I am working on a Swiss Tournament system in Python and I'm trying to figure out an optimal pairing algorithm.
My biggest problem is that every algorithm I came with produced error in few sequences, where the last pair to be picked have already played each other, ruling the pairing is invalid.
The Swiss system I'm working on is simple: even players, everyone plays at each round and pairing is done based on the winning proximity (so strong players play against strong players, and weak against weak).
No Bye, only win/lose (no draw), opponents cannot play each other twice.
The current algorithm I did works as follow:
- Produce a players list by ranking order (most wins to least wins)

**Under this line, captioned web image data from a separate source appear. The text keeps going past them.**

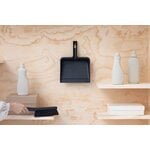 Brabantia SinkSide dustpan and brush set, dark grey, decoration image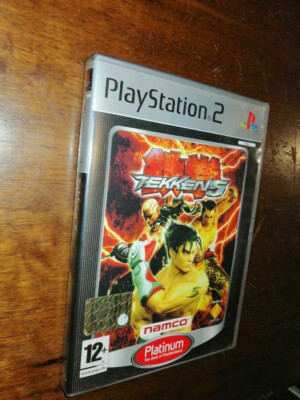 DVD VIDEO: Ps2 Tekken 5 SONY PLAYSTATION 2 2005 Namco | 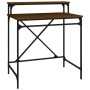 Escritorio de hierro y madera contrachapada Sonoma 80x50x90 cm de vidaXL, Escritorios - Ref: Foro24-826708, Precio: 54,23 €, ...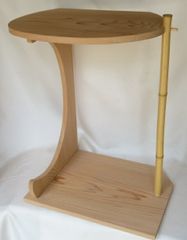 美品 茶道具 渚棚（なぎさだな）桐木地 淡々斎好写 組み立式 紙箱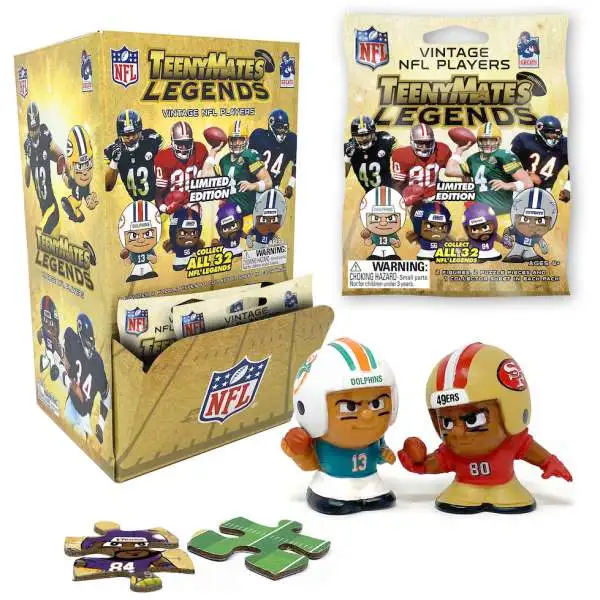 NFL TeenyMates Football Legends Vintage Series 1 Mystery Box [32 Packs]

- Pick player, starting from player with most wins
- Match him with the closest ranked player. If they already played, match him with the next one, until a match is found
- Pop the pair out of the list and back to 1
For example:
Ranking after 2 rounds:
1. P1: [P2 win, P3 win] 2 wins
2. P5: [P6 win, P2 win] 2 wins
3. P3: [P4 win, P1 lost] 1 win, 1 loss
4. P4: [P6 win, P3 lost] 1 win, 1 loss
5. P2: [P1 lost, P5 lost] 2 losses
6. P6: [P5 lost, P4 lost] 2 losses
First pick would be P1 and the first match is P5. Taking (P1,P5) out of the list.
1. P3: [P4 win, P1 lost] 1 win, 1 loss
2. P4: [P6 win, P3 lost] 1 win, 1 loss
3. P2: [P1 lost, P5 lost] 2 losses
4. P6: [P5 lost, P4 lost] 2 losses
First pick would be P3, already played P4, so the match would be P2. Taking (P3,P2) out of the list.
In this sequence I finish with a pair that played against each other and the pairing is invalid:
1. P4: [P6 win, P3 lost] 1 win, 1 loss
2. P6: [P5 lost, P4 lost] 2 losses
Question: Is there any algorithm that guarantees an optimal pairing module while making sure I do not get 'stuck' at the end with two players who played each other?